The success of this year’s UN climate summit hinges on whether countries can agree on a new finance target for richer countries, development lenders and the private sector to deliver each year. Developing countries need at least $US1trillion ($A1.5 trillion) annually by the end of the decade to cope with climate change, economists told the UN talks.
Many countries have said that money is essential to their setting ambitious climate goals ahead of next year’s COP30 in Brazil.
But reaching a deal could be tough at this year’s summit, where the mood has been soured by public disagreements and pessimism about shifts in global politics.
Donald Trump’s presidential election win has cast the United States’ future role in climate talks into doubt, and tension between developed and developing nations has bubbled to the surface on the main stages and in negotiating rooms.
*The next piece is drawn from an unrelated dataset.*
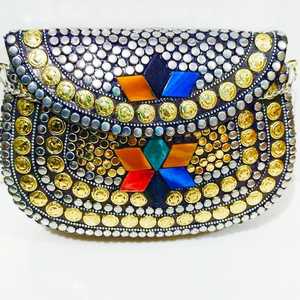 Bolso de mano de mosaico de metal Bolsos de mano étnicos Diseño de piedra de joya Bolso de mano de fiesta de trabajo con tachuelas de metal A precio barato. - Product Image 2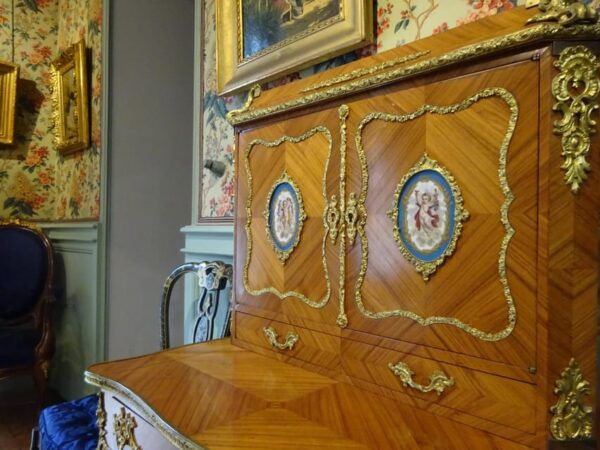 Dijon : Intimacy, Art and History - Collection of the Magnin Family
“Parties must remember that the clock is ticking,” COP29 Lead Negotiator Yalchin Rafiyev told a news conference on Thursday
The previous annual finance goal of $US100 billion ($A155 billion) expires this year. But wealthy countries only met the pledge in full starting in 2022.
Early Thursday, a report from the Independent High-Level Expert Group on Climate Finance said the target annual figure would need to rise to at least $US1.3 trillion ($A2 trillion) a year by 2035 if countries fail to act now.
Behind the scenes, negotiators are working on draft texts, but early stage documents published by the UN climate body show views around the table still diverge widely.
Many Western governments arrived in Baku reluctant to pledge big sums.
The likely withdrawal of the United States from any future funding deal will raise pressure on delegates to find other ways to secure the needed funds.
Among them are the world’s multilateral development banks such as the World Bank, funded by the richer countries and in the process of being reformed so they can lend more.
Ten of the largest have said they would plan to increase their climate finance by roughly 60 per cent to $US120 billion ($A186 billion) a year by 2030, with at least an extra $US65 billion ($A101 billion) from the private sector.
On Thursday Zakir Nuriyev, head of the Association of Banks of Azerbaijan, said the country’s 22 banks would commit nearly $US1.2 billion ($A1.9 billion) to finance projects that help Azerbaijan transition to a low-carbon economy.
So far the conference – which many global leaders decided to skip altogether – has been marked more by division than unity.
Argentina’s abrupt departure on Thursday followed an order from Buenos Aires.
The country’s presidential spokesperson said the move would allow Gerardo Werthein, the new foreign affairs minister, to “revaluate the situation, reflect on the position”.
The minister is “withdrawing the delegation in virtue of a whole reform the minister is going to do. There’s not much else to say,” the spokesperson, Manuel Adorni, told a news conference in Buenos Aires.
Argentina’s President Javier Milei, who previously has called global warming a hoax, was due this week to meet Trump, also a climate change denier.
When asked whether Argentina would withdraw from the Paris Agreement, Ana Lamas, undersecretary for environment for Argentina, who led the country’s delegation at COP29, told Reuters: “We are only withdrawing from COP29.”
Observers criticised the withdrawal by Argentina’s right-wing government, and said it could hurt the country’s hopes of raising future climate cash.
A day earlier, French climate minister Agnès Pannier-Runacher cancelled her trip to COP29 after Azerbaijan’s President Ilham Aliyev accused France of “crimes” in its overseas territories in the Caribbean.
France and Azerbaijan have long had tense relations because of Paris’ support of Azerbaijan’s rival Armenia. This year, Paris accused Baku of meddling and abetting violent unrest in New Caledonia.